## PROBLEM TO SOLVE
No pictures should appear in the copy; otherwise retype the entries exactly.

::::

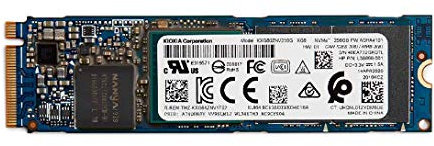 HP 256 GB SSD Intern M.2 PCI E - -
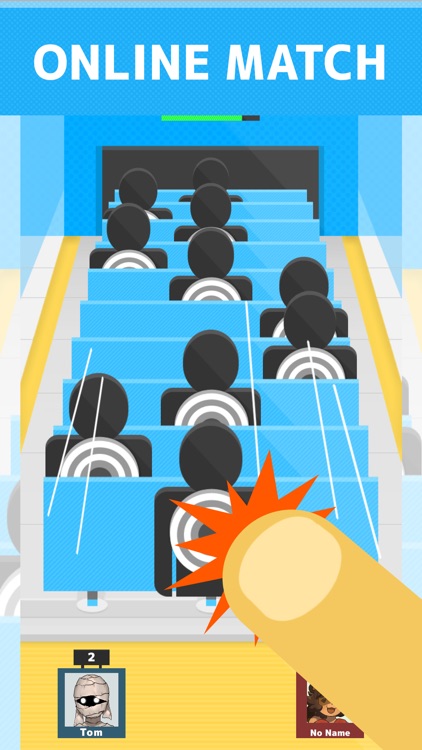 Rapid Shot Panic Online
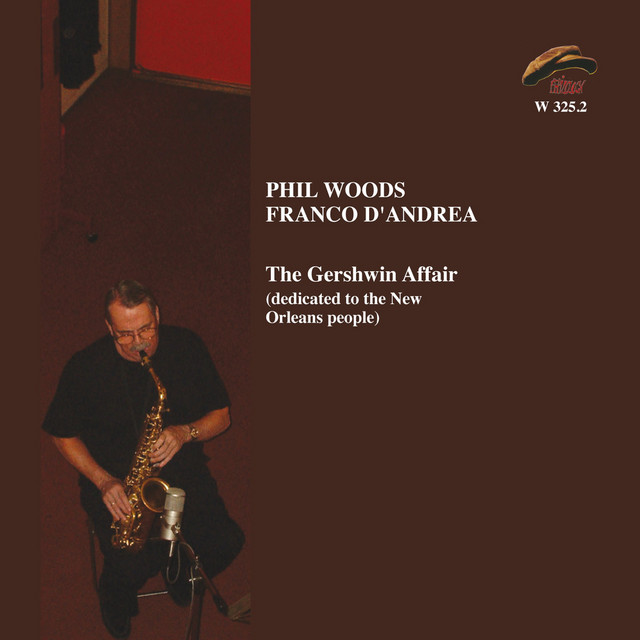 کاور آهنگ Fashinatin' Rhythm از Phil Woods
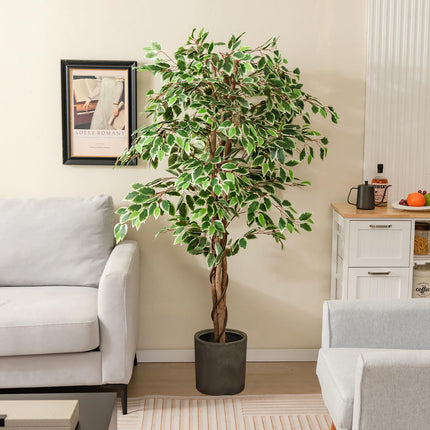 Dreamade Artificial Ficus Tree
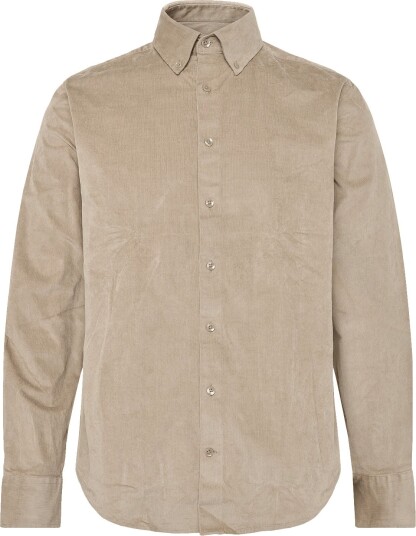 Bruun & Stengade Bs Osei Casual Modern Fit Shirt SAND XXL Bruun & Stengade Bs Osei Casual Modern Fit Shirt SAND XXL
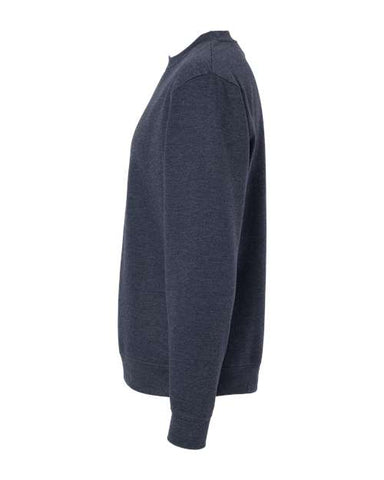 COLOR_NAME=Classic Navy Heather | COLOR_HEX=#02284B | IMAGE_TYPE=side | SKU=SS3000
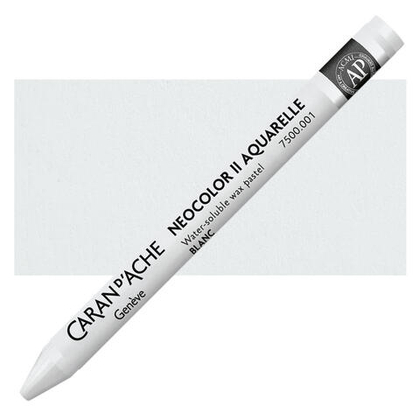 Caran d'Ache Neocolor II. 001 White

::::

## ANSWER TO THIS EXERCISE
 HP 256 GB SSD Intern M.2 PCI E - -
 Rapid Shot Panic Online
 کاور آهنگ Fashinatin' Rhythm از Phil Woods
 Dreamade Artificial Ficus Tree
 Bruun & Stengade Bs Osei Casual Modern Fit Shirt SAND XXL Bruun & Stengade Bs Osei Casual Modern Fit Shirt SAND XXL
 COLOR_NAME=Classic Navy Heather | COLOR_HEX=#02284B | IMAGE_TYPE=side | SKU=SS3000
 Caran d'Ache Neocolor II. 001 White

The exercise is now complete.